Светлая память, дорогой Борис Владимирович.

Наталья Ким, обозреватель Psychologies

«Он никогда не говорил и не писал очевидного»

Есть люди, с которыми сама идея смерти как-то катастрофически не вяжется. Борис Дубин — из их числа. Мне повезло познакомиться с ним в студенческие годы, совершенно случайно — еще, по сути дела, не зная, кто он такой. Я сидела в библиотеке иностранной литературы, пустынной в разгар зимних каникул, и читала толстую книгу одного странного англичанина XIX века — благополучно (и небезосновательно) забытого путешественника и искателя новых стилистических форм. «Я никогда не видел, чтобы живой человек читал это занудство», ‒ внезапно услышала я над своим ухом. Я совсем уже собралась оскорбиться за своего англичанина — в то время я была им сильно увлечена, — как вдруг увидела в глазах моего непрошеного собеседника нечто совершенно отличное от типовых ожиданий: не желание продемонстрировать собственную ученость и уж точно не стремление завязать разговор, но самый настоящий, живой и горячий интерес к предмету. Интерес такой глубокий, острый и при всем том доброжелательный, что не откликнуться на него было просто невозможно.

Наш тогдашний разговор в библиотечном буфете длился два счастливых часа и от вдохновенной веселой перепалки плавно перетек к полному интеллектуальному примирению. Он не стал началом дружбы — после мы с Борисом Дубиным довольно часто встречались, но по большей части в формальной обстановке: иногда просто раскланивались, иногда спорили во время публичных дискуссий, иногда обменивались парой фраз. Но после той давней встречи я всегда знала, какой Дубин на самом деле: в нынешнем теплохладном мире он — один из очень немногих — сохранял в душе огонь истинного высокого любопытства — научного и человеческого. Он никогда не говорил и не писал очевидного: каждая его статья, каждое выступление было проникнуто жгучей потребностью разобраться, найти правду, понять суть. Именно поэтому его тексты (для меня самыми важными, разумеется, всегда были работы Дубина о социологии чтения) обладали редким для научных статей свойством вызывать пылкие споры и пробуждать мысль.

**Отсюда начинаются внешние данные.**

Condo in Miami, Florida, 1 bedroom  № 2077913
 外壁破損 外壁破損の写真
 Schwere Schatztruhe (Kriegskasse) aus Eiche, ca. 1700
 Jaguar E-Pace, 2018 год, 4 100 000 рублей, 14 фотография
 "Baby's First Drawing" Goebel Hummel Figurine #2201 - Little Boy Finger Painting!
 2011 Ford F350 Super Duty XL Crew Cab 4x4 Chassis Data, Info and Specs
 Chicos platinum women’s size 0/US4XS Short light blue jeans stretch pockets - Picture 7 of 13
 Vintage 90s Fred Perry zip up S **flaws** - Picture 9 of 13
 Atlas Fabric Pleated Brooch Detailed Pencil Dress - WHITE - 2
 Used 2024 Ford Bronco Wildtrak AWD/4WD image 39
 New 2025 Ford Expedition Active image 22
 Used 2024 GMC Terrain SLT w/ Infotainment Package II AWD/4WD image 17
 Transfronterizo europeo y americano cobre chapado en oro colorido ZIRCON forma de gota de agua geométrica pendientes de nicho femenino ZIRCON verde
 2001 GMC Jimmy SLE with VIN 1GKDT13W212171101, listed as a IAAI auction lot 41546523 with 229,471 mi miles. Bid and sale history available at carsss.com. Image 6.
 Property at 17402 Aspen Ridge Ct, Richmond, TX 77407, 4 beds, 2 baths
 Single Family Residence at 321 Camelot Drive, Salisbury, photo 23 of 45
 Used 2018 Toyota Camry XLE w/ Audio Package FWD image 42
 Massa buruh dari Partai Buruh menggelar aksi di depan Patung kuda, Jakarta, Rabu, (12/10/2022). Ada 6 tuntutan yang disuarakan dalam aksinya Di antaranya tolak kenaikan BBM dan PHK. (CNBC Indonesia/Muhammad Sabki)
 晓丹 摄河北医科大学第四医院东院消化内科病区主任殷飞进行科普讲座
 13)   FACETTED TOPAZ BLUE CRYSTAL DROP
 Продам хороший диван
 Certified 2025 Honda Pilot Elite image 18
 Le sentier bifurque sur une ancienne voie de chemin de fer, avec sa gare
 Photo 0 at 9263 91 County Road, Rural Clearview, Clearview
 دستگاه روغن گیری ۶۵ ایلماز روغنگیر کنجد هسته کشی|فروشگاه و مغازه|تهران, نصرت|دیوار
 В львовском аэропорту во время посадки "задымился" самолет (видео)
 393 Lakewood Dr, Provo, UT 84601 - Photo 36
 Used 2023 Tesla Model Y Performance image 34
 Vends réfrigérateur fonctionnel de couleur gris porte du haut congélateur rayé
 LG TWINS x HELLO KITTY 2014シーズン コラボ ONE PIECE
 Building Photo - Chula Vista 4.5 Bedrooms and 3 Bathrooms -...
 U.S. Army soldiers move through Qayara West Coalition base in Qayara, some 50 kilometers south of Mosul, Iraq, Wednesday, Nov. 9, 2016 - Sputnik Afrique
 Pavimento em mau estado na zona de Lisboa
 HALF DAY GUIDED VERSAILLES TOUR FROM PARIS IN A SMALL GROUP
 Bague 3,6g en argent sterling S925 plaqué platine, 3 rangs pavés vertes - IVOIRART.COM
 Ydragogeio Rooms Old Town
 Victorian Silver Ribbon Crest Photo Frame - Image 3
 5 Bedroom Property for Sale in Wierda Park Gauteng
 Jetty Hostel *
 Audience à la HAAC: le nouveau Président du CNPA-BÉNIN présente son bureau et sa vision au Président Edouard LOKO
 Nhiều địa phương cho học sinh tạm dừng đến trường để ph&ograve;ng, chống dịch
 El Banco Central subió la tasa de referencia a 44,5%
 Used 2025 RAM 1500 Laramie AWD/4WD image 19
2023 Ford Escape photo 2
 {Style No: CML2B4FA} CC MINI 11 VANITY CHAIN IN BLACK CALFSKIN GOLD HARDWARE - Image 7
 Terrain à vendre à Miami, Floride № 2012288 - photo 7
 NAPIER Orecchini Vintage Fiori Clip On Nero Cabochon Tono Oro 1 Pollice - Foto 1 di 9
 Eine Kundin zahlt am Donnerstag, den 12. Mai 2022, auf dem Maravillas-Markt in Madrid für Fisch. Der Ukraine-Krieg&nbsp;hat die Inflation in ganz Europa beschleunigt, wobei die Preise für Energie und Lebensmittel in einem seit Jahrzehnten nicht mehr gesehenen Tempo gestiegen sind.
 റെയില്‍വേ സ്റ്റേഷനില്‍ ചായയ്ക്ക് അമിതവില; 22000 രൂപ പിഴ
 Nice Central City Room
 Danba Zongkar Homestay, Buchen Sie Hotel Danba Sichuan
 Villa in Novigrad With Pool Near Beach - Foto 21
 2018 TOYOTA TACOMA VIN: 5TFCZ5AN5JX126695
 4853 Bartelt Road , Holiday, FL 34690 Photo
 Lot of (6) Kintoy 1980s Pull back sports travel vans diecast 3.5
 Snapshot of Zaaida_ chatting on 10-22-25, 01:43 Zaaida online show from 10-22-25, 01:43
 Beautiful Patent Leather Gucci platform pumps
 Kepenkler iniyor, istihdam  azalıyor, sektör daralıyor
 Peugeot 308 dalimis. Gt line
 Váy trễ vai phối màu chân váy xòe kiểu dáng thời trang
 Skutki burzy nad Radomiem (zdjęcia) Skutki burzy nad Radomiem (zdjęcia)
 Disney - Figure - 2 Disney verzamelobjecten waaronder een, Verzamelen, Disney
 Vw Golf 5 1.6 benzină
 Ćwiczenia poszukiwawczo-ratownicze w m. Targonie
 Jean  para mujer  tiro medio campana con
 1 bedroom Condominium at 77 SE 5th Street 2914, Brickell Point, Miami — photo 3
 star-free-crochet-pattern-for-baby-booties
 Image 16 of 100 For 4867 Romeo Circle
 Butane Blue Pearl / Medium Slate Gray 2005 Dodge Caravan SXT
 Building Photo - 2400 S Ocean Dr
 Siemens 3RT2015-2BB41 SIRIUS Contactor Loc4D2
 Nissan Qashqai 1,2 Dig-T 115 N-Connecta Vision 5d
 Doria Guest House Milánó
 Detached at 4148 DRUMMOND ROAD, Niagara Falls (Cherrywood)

Наследие Дубина осталось с нами — и мы, я уверена, еще долго будем его перечитывать и перерабатывать, внутренне продолжая спорить, не соглашаться, аплодировать и — главное — двигаться дальше в намеченных им направлениях. Но вот как мы будем жить без него самого, без его внутреннего огня, без его любопытства и доброжелательности, без его уникальной способности погрузиться в самую суть привычных вещей и вынырнуть оттуда с каким-то новым, неожиданным знанием — этого я не знаю. Как представить мир без человека, который был сама жизнь, — этому нам еще предстоит научиться, и едва ли это будет легко.